What do you play when you’re the follow-up act to the SF Symphony’s performance of Brahms Symphony No. 4?

If you’re Bay Area cellist Alex Kelly, performing in front of a post-concert, classical-music-loving crowd Friday night, you launch into a little ditty called, “Play That Funky Cello White Boy.” It’s a jaunty jazz solo that sounds a lot like, well, White Cherry’s ’70s pop hit “Play that Funky Music.”

Kelly was performing at the inaugural event in the Davies After Hours series, a monthly post-performance gathering on the top lobby floor of the symphony hall. In the lounge-like atmosphere with warm pink lighting, a cash bar, and calla lily displays, the guests –a mix of concertgoers and symphony musicians still dressed in their tuxedo tails — mingled and chattered in the informal setting, cocktails and champagne in hand.

If this seems like a markedly different tone from the evening’s previous symphony performance, when you could’ve heard a pin drop between acts, that’s exactly what SF Symphony’s Louisa Spier, says the event organizers were going for. “People can mingle and talk,” she said. “You can hang out with your friends and chat about the concert, as well as enjoy this musical group.”

In recent years, a dominant trend among cultural institutions is hosting after-hour events. The Guggenheim in New York has its Art After Dark series, a late night event where you can sip cocktails and listen to live DJs while exploring the artwork. The Art Institute in Chicago has After Dark, a variation of the same. And here in SF, every Thuursday the Academy of Sciences hosts NightLife, a 21 and over venue.

For the SF Symphony, one objective behind the Davies After Hours series is attracting a younger audience to the symphony (the event series is open only to concert-goers). “I think younger people like to go out and go to multiple places in a night,” Spier said. “They can go to a concert and go to a club afterward, so we thought we could do that all-in-one right here.”

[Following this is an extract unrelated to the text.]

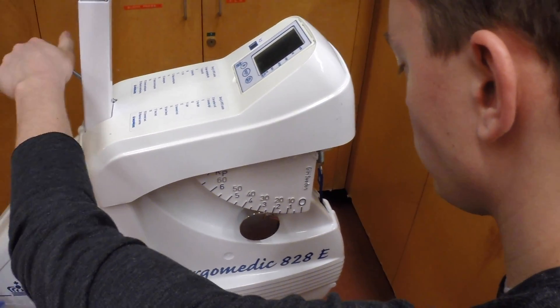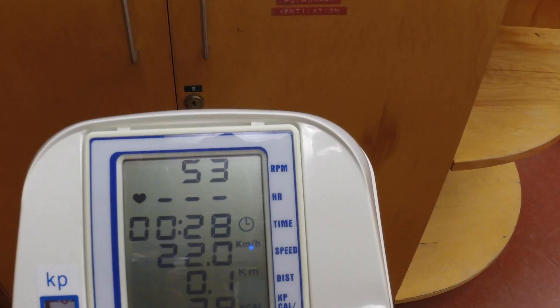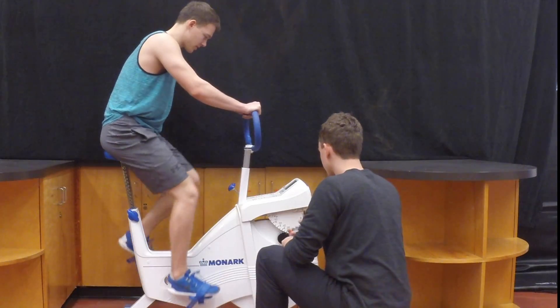The test is now started, so ask the client to pedal at a constant rate of 50 RPMs, and simultaneously start the timer.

The musical acts chosen to play at the series are decidedly more contemporary, but their performances correspond loosely to the evening’s earlier performances. Kelly, for instance, was chosen to complement Michael Grebanier, the featured cellist in the evening’s performance of Ernest Bloch’s 1916 “Schelomo.” Next month, the series will host NTL, a power rock band formed by some of the symphony musicians.

As the night wore on, the Mark Growden Sextet joined Kelly onstage to continue their jazzy renditions. One of the sextet members pulled out a hollow bicycle handlebar (saved from the ’80s, he noted), which he then proceeded to blow into, producing an eerie flute-like sound.

For a moment, the crowd was mesmerized. It was certainly not Brahms, but it was definitely one of the newest things they’d heard that evening.